[Dataset items]
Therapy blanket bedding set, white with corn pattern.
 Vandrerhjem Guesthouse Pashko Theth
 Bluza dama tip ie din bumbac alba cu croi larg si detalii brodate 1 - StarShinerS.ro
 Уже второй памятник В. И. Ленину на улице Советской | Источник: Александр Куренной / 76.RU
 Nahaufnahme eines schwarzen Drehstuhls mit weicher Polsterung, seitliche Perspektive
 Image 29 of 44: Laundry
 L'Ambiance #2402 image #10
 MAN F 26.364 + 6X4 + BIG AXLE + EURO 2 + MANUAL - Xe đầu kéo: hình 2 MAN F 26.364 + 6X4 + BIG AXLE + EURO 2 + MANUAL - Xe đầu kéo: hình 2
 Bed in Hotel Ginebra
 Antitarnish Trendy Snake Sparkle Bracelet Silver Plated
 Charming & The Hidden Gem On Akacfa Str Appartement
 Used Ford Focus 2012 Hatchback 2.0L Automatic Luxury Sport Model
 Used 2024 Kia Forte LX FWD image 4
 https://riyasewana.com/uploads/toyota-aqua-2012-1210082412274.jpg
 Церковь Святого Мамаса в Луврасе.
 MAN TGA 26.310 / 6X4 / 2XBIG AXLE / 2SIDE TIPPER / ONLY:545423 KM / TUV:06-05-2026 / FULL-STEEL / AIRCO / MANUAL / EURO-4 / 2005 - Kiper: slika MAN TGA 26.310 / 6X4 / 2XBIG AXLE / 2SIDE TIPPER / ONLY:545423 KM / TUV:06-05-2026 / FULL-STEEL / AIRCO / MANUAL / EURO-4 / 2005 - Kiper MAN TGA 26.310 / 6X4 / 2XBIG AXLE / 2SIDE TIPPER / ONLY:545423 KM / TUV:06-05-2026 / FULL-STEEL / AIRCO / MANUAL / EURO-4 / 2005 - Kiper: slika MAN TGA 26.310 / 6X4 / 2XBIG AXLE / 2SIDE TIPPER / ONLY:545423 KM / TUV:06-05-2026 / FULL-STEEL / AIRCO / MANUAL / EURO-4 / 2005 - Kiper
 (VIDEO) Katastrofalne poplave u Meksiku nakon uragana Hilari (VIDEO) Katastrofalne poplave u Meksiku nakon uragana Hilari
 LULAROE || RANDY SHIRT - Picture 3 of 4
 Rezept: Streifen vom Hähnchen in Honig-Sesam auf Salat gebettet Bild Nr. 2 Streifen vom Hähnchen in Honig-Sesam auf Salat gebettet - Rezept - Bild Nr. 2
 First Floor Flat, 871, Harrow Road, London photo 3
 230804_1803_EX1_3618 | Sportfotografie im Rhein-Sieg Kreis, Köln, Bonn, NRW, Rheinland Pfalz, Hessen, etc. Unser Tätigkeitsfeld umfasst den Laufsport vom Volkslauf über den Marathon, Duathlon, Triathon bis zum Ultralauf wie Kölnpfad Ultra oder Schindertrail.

■ What is expected
With every line intact, print the records above again.

■ Result
Therapy blanket bedding set, white with corn pattern.
 Vandrerhjem Guesthouse Pashko Theth
 Bluza dama tip ie din bumbac alba cu croi larg si detalii brodate 1 - StarShinerS.ro
 Уже второй памятник В. И. Ленину на улице Советской | Источник: Александр Куренной / 76.RU
 Nahaufnahme eines schwarzen Drehstuhls mit weicher Polsterung, seitliche Perspektive
 Image 29 of 44: Laundry
 L'Ambiance #2402 image #10
 MAN F 26.364 + 6X4 + BIG AXLE + EURO 2 + MANUAL - Xe đầu kéo: hình 2 MAN F 26.364 + 6X4 + BIG AXLE + EURO 2 + MANUAL - Xe đầu kéo: hình 2
 Bed in Hotel Ginebra
 Antitarnish Trendy Snake Sparkle Bracelet Silver Plated
 Charming & The Hidden Gem On Akacfa Str Appartement
 Used Ford Focus 2012 Hatchback 2.0L Automatic Luxury Sport Model
 Used 2024 Kia Forte LX FWD image 4
 https://riyasewana.com/uploads/toyota-aqua-2012-1210082412274.jpg
 Церковь Святого Мамаса в Луврасе.
 MAN TGA 26.310 / 6X4 / 2XBIG AXLE / 2SIDE TIPPER / ONLY:545423 KM / TUV:06-05-2026 / FULL-STEEL / AIRCO / MANUAL / EURO-4 / 2005 - Kiper: slika MAN TGA 26.310 / 6X4 / 2XBIG AXLE / 2SIDE TIPPER / ONLY:545423 KM / TUV:06-05-2026 / FULL-STEEL / AIRCO / MANUAL / EURO-4 / 2005 - Kiper MAN TGA 26.310 / 6X4 / 2XBIG AXLE / 2SIDE TIPPER / ONLY:545423 KM / TUV:06-05-2026 / FULL-STEEL / AIRCO / MANUAL / EURO-4 / 2005 - Kiper: slika MAN TGA 26.310 / 6X4 / 2XBIG AXLE / 2SIDE TIPPER / ONLY:545423 KM / TUV:06-05-2026 / FULL-STEEL / AIRCO / MANUAL / EURO-4 / 2005 - Kiper
 (VIDEO) Katastrofalne poplave u Meksiku nakon uragana Hilari (VIDEO) Katastrofalne poplave u Meksiku nakon uragana Hilari
 LULAROE || RANDY SHIRT - Picture 3 of 4
 Rezept: Streifen vom Hähnchen in Honig-Sesam auf Salat gebettet Bild Nr. 2 Streifen vom Hähnchen in Honig-Sesam auf Salat gebettet - Rezept - Bild Nr. 2
 First Floor Flat, 871, Harrow Road, London photo 3
 230804_1803_EX1_3618 | Sportfotografie im Rhein-Sieg Kreis, Köln, Bonn, NRW, Rheinland Pfalz, Hessen, etc. Unser Tätigkeitsfeld umfasst den Laufsport vom Volkslauf über den Marathon, Duathlon, Triathon bis zum Ultralauf wie Kölnpfad Ultra oder Schindertrail.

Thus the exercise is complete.